February 20, 2009 at 12:00 PM by Dr. Drang
Five-plus years ago, spam in my email inbox was a huge problem, and I spent considerable time dealing with it. Initially, “dealing with it” meant deleting it, later that changed to fiddling with filters and
procmail scripts. Now I barely think about spam, and I wonder if that’s true for most people.
It’s not that no one sends me spam anymore. Between my two mail email accounts, I still average between 3000 and 4000 spams per month, down from a peak of 6000-7000, but still a significant number. But virtually none of them get to my inbox. I go weeks, maybe months, without seeing any spam.

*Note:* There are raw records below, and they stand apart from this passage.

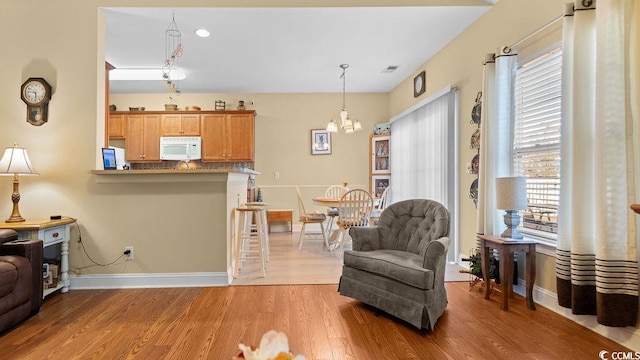 sitting room with visible vents, an inviting chandelier, baseboards, and light wood-style floors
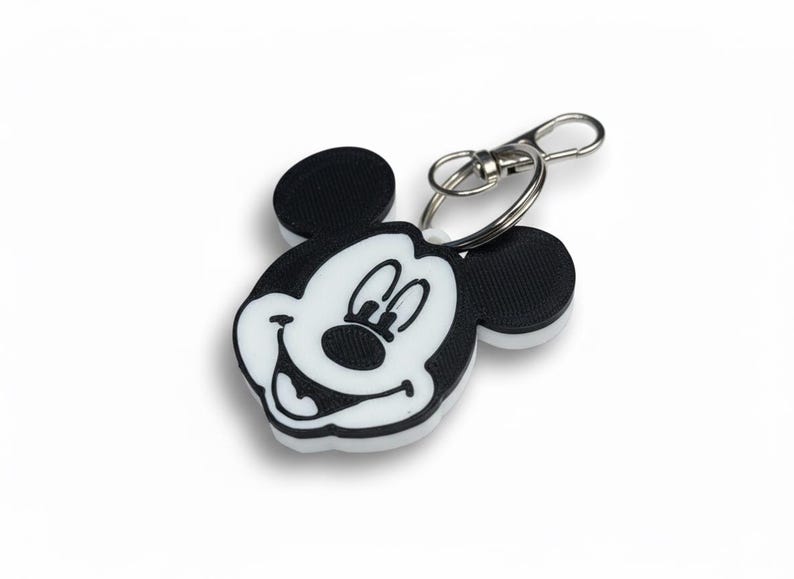 May include: A black, white, and silver Mickey Mouse keychain. The keychain features a smiling Mickey Mouse face with black ears and a white face. The keychain has a silver clasp and ring.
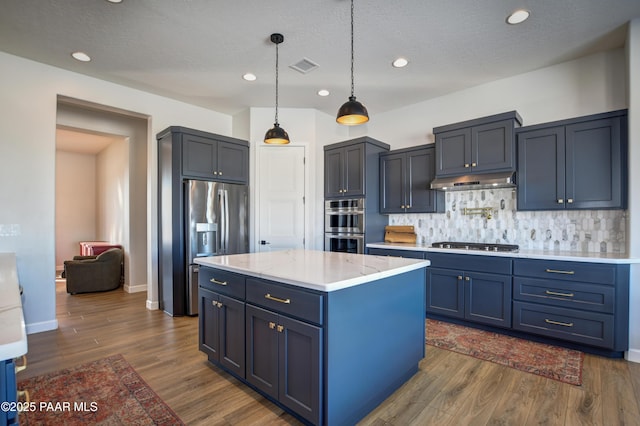 kitchen with a kitchen island, pendant lighting, tasteful backsplash, dark hardwood / wood-style flooring, and stainless steel appliances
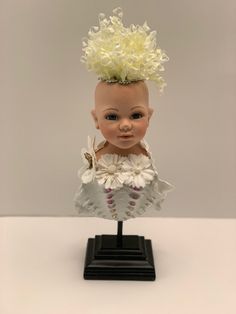 a small doll with blonde hair on top of a black base and white ruffled dress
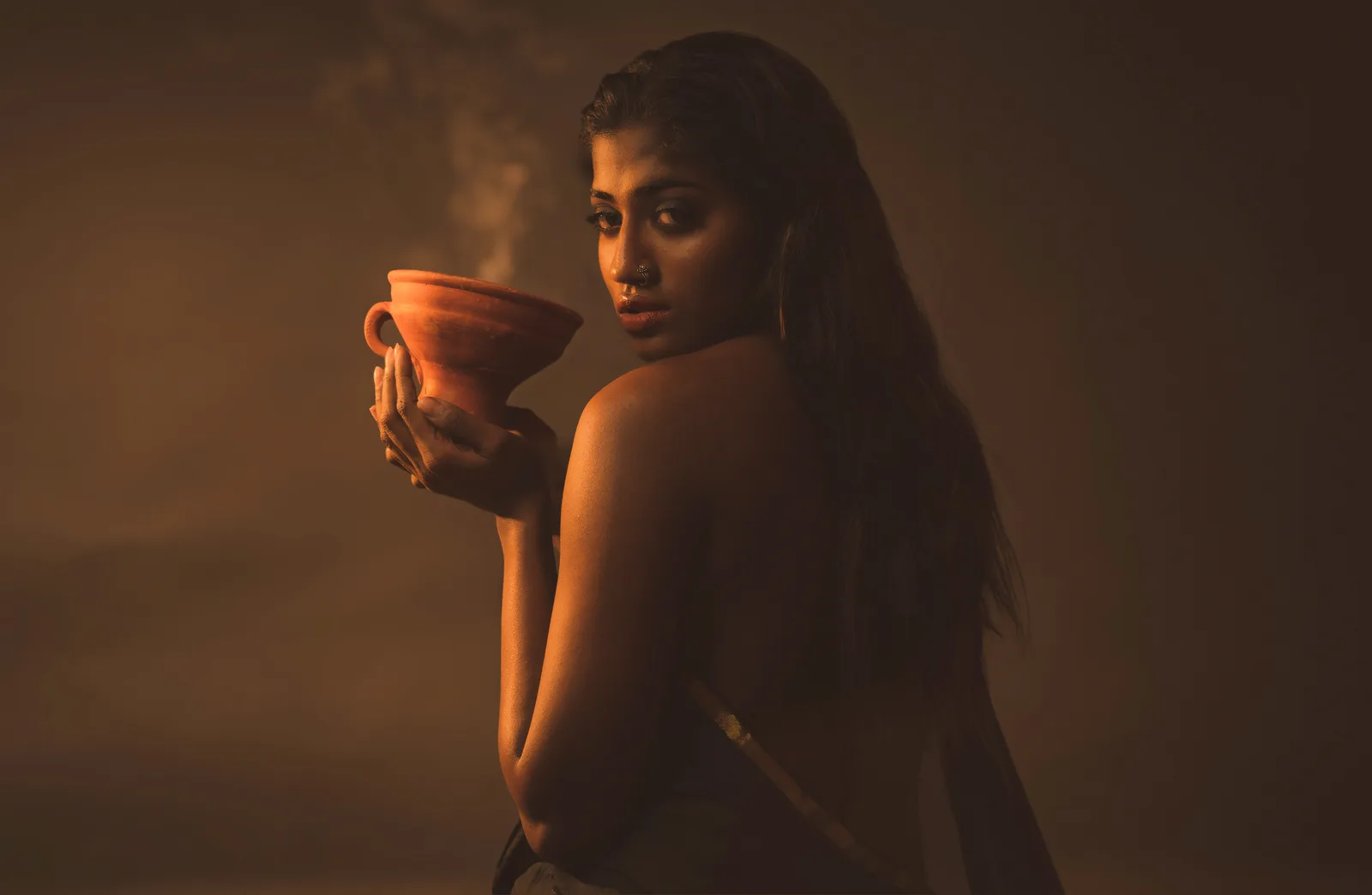 Woman holding a smoking clay incense pot close to her face, bare back to the camera, long hair falling down her back, looking back over her shoulder.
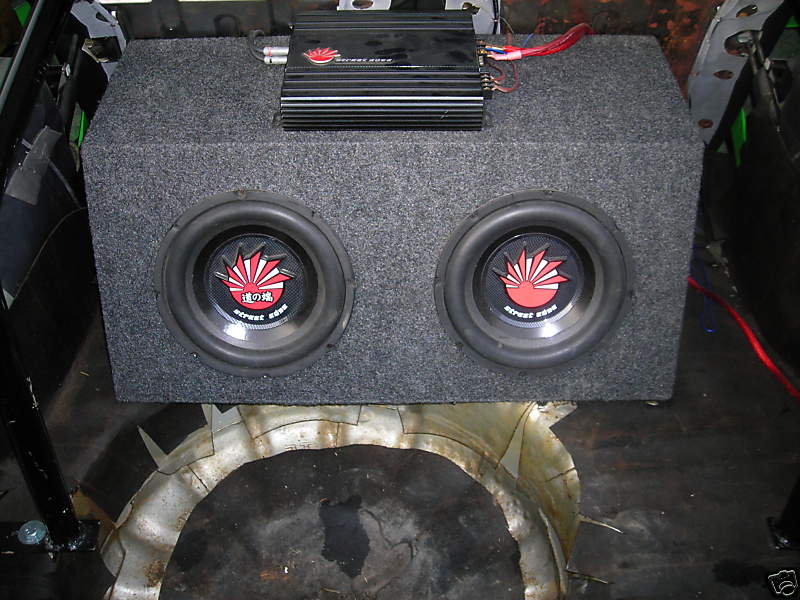 Car audio amplifier and dual subwoofer box with red wiring. Text on speakers reads 'street boom'
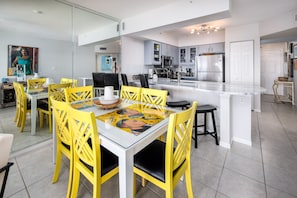 A modern kitchen with a central island, yellow chairs, and a glass dining table.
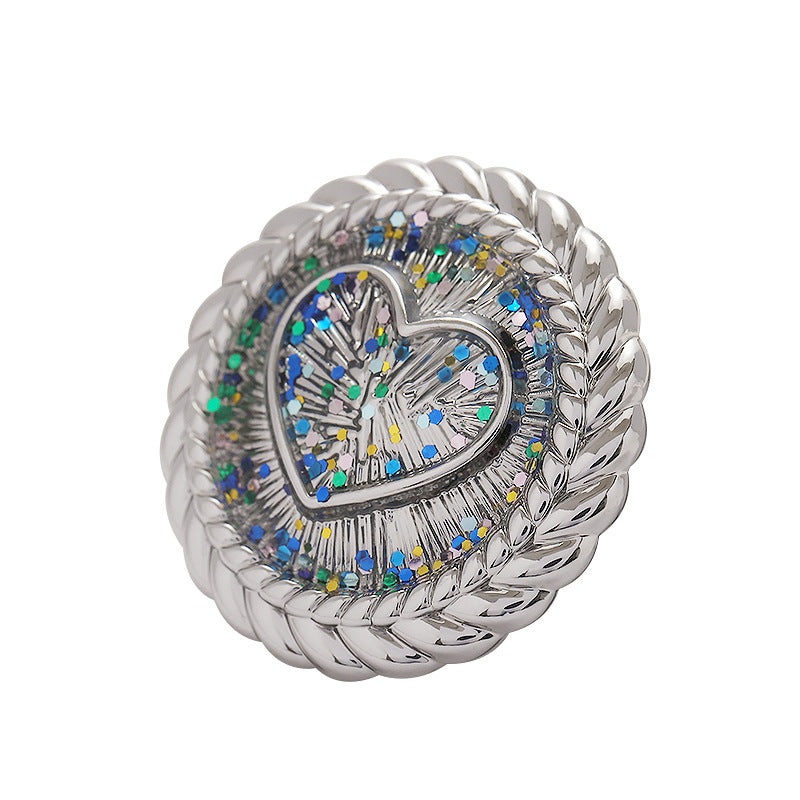 Silver heart-shaped metal shank button with braided rim and blue glitter mosaic center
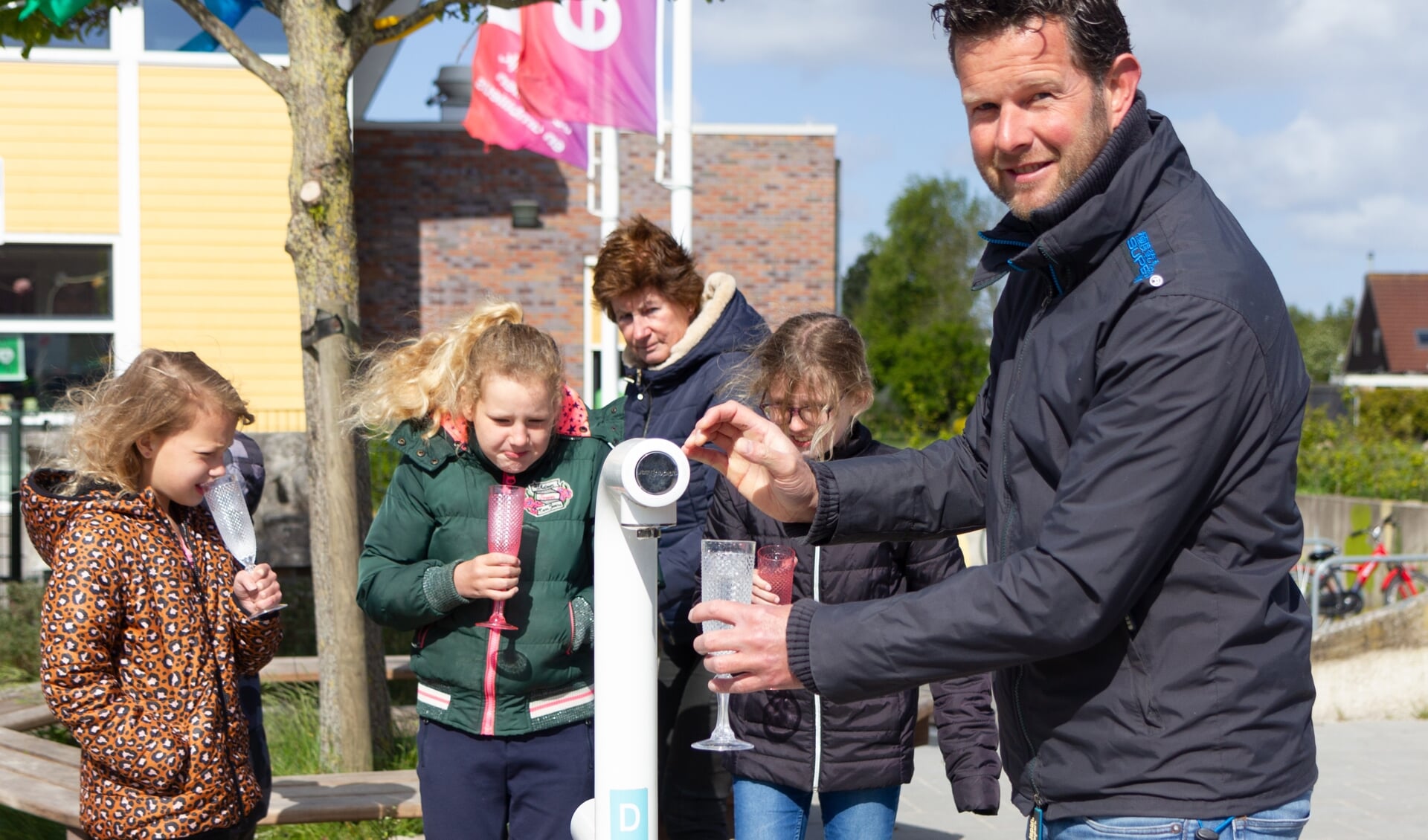 Schooldirecteur Nico Woudwijk tapt een glaasje vers water bij het nieuwe watertappunt. 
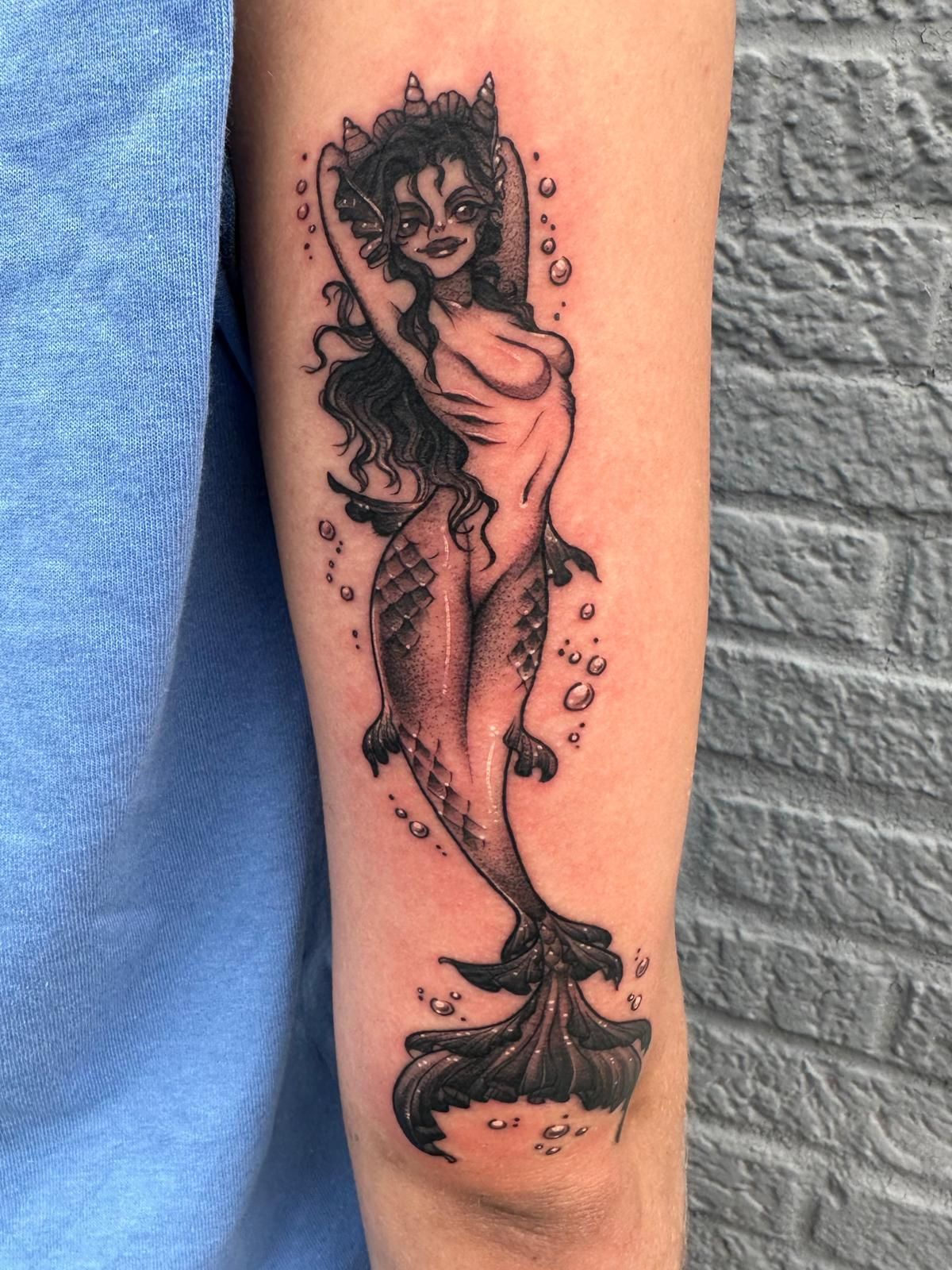 A person has a tattoo of a mermaid on their arm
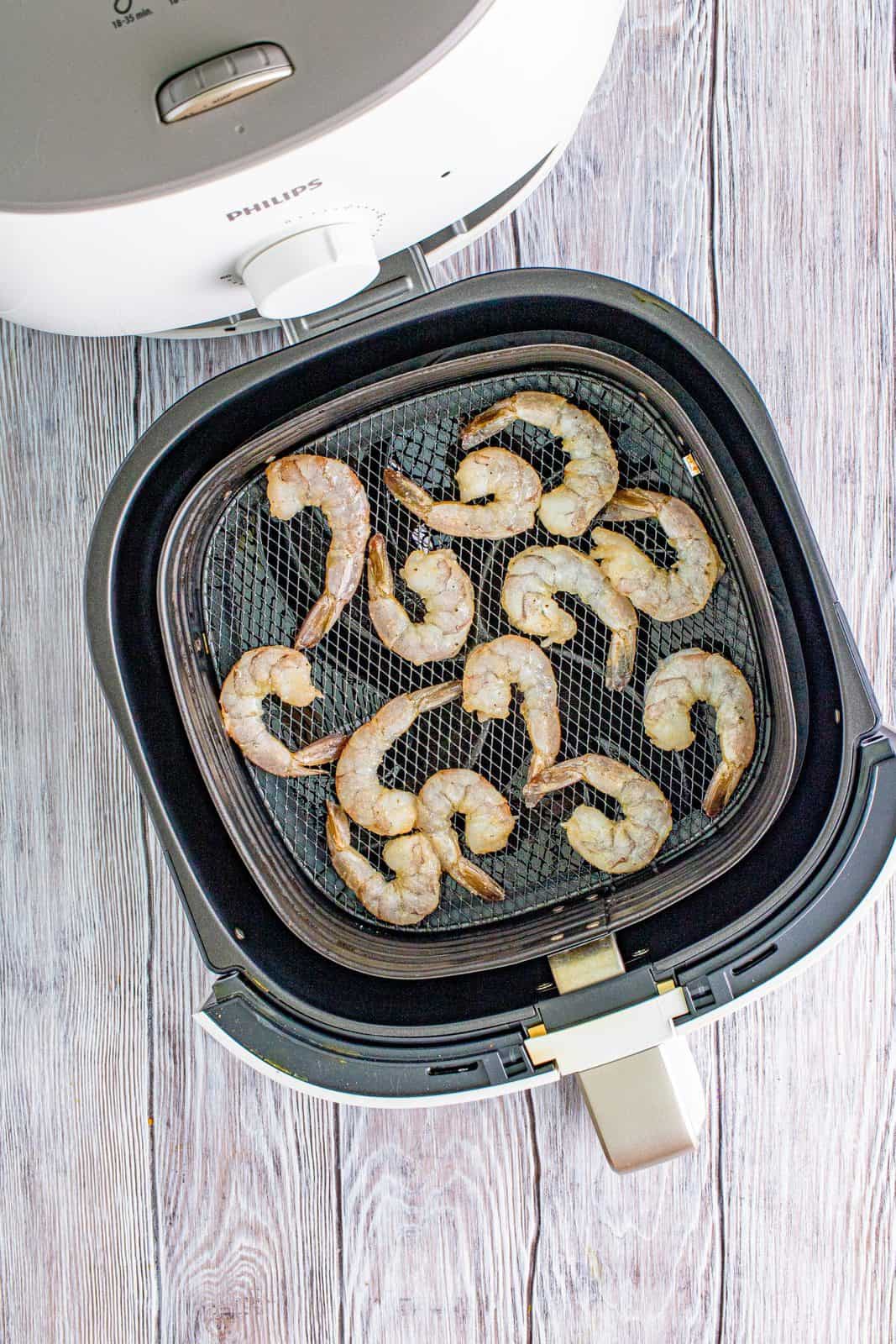 Seasoned shrimp placed into prepared air fryer basket.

That I live a nearly spam-free life is due to the quality of the two filters I use. First, every email sent to me has to pass through GMail, which filters about 98% of the spam. Then the email is scanned by Apple Mail, which screens out almost all the rest. The second filter, which seems at first glance like a minimal improvement over the first, is actually pretty important; without it, I’d still be seeing 1-2 spams a day, which is enough to keep it on your mind. It’s liberating not to have to think about spam, a situation I’d have thought was impossible five years ago.
In retrospect, it seems to me that the beginning of the end of spam was the widespread use of Bayesian filtering, a technique popularized by Paul Graham in his “A Plan for Spam” article. I know that Bayesian analysis isn’t the only filtering technique used, but its addition to the spam-fighting arsenal tipped the scales in our favor, and the spammers have been losing ground ever since. As an example of how far we’ve come, look at this talk by Ze Frank at the 2004 TED Conference.
He starts the talk with an extended joke based on the Nigerian 419 scam. He wouldn’t do that joke today because those emails are no longer part of our daily experience.
In fact, I wonder why email spamming hasn’t died out altogether. Are there still people who actually see the spam that’s sent to them?